* WORK INSTRUCTIONS *
Starting from the line with "PAM Pistacchio Crema" and going up to and including the line with "Black Men's Alphalete", copy the listing below exactly. Leave all images out.

* DATA *
◆ ◆ ◆

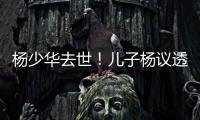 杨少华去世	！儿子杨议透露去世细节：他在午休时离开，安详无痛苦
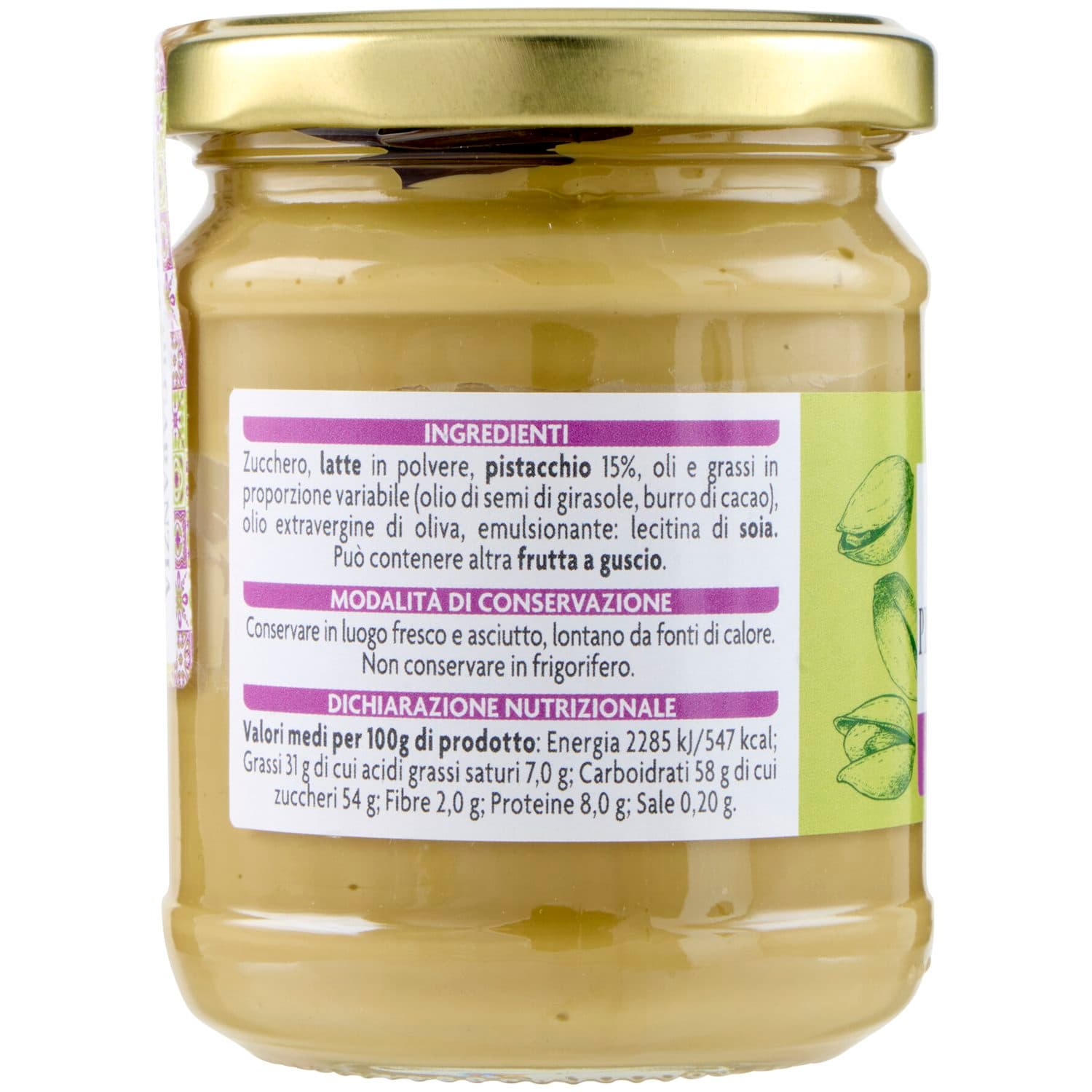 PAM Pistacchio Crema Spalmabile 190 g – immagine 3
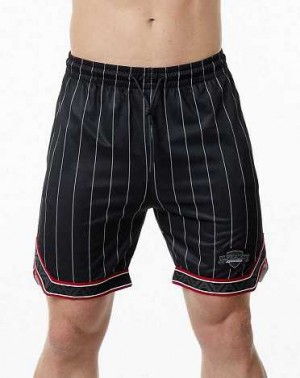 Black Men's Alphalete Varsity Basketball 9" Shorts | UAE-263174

◆ ◆ ◆

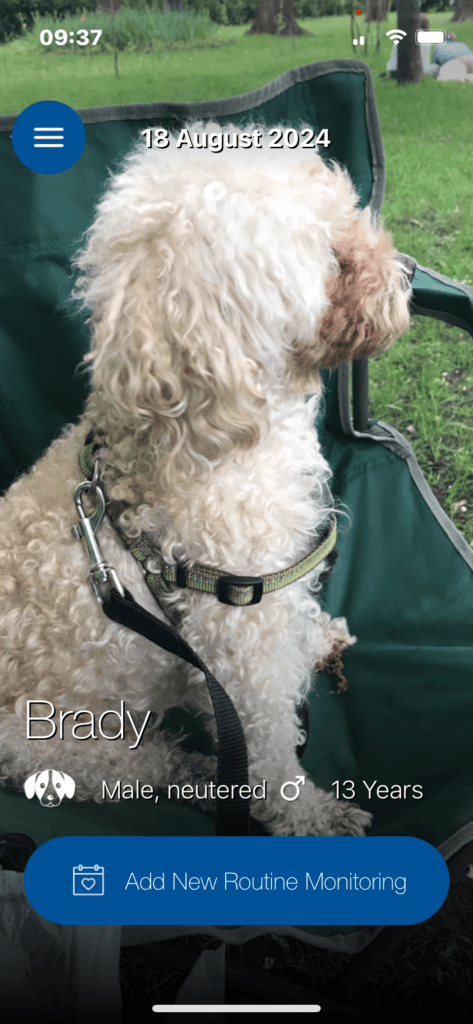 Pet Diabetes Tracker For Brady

◆ ◆ ◆

* RESPONSE AREA *
 PAM Pistacchio Crema Spalmabile 190 g – immagine 3
 Black Men's Alphalete Varsity Basketball 9" Shorts | UAE-263174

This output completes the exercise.